Pembrokeshire Coast National Park
The National Park has a varied landscape of rugged cliffs, sandy beaches, wooded estuaries and wild inland hills, covering a total area of 629 km² (240 square miles). It falls into four distinct sections. Running clockwise around the coast, these are the south Pembrokeshire coast, including Caldey Island; the Daugleddau estuary; the St Bride's Bay coast, including the coastal islands; and the Preseli Hills. However, not all of the the park is coastal, and there are even forests and marshes on the edges of the park.
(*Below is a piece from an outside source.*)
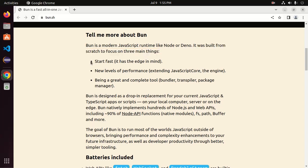First thing is start fast. It has ease in mind. And second, new levels of performance, extending JavaScript core, the engine. And third is being a great and complete tool like bundler, transpiler, package manager. Let's install BUN CLI using curl.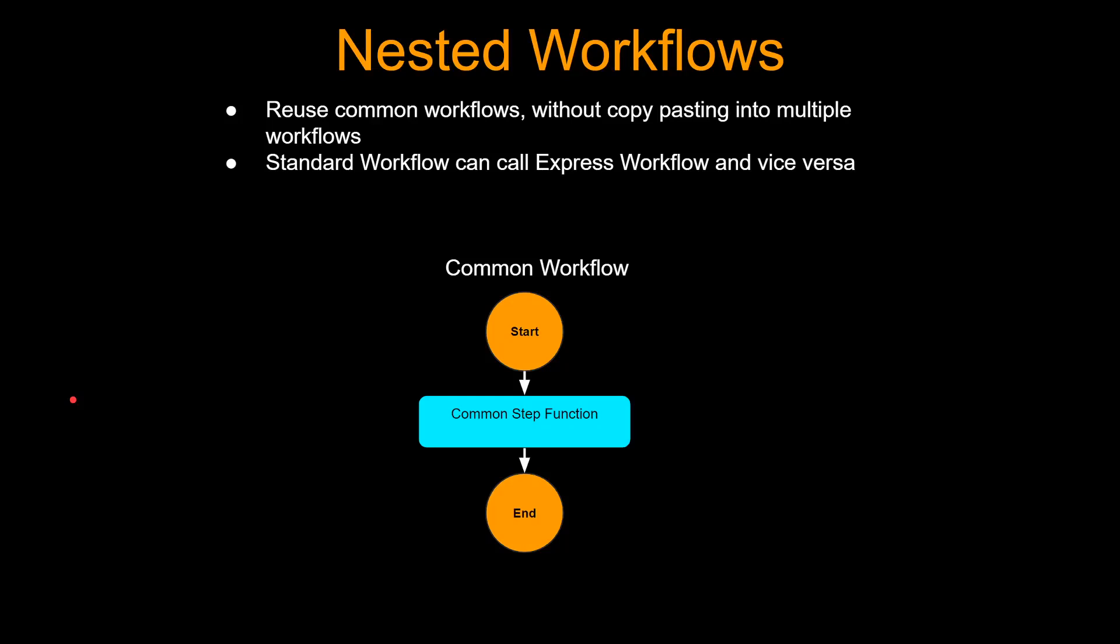Welcome guys and girls to another lecture on step functions. In this lecture, we're going to learn about nested step functions or nested workflows.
The geology of the area is of particular interest with many good exposures both inland and along the coast, exhibiting a variety of rock types and structural features. In the north, the rocks of Carn Llidi, Pen Beri and Garn Fawr, together with the extensive moorland on Carningli and Mynydd Preseli, give an exposed and mountainous feel to the landscape, cut through by the wooded valleys of the Gwaun and Nevern. In the west, the National Park is dominated by the broad sweep of St Bride's Bay, bounded at its northern end by Ramsey Island, near St David's peninsula, and at its southern end by Skomer. The southern coast is another contrast, with the limestone plateau and cliffs of the Castlemartin peninsula, the steep-sided wooded valleys inland from Amroth; the Bosherston lakes - now, like much of the coastal strip, in the care of the National Trust - and the tourist resorts of Tenby and Saundersfoot. Between the western and southern areas of the National Park lies the Milford Haven waterway, where the tranquil Daugleddau estuary feeds into one of the finest natural deep water harbours in the world.
The National Park includes many sites and areas which are of national or international conservation significance in their own right, including 7 Special Areas of Conservation, a Marine Nature Reserve, 6 National Nature Reserves and 75 Sites of Special Scientific Interest.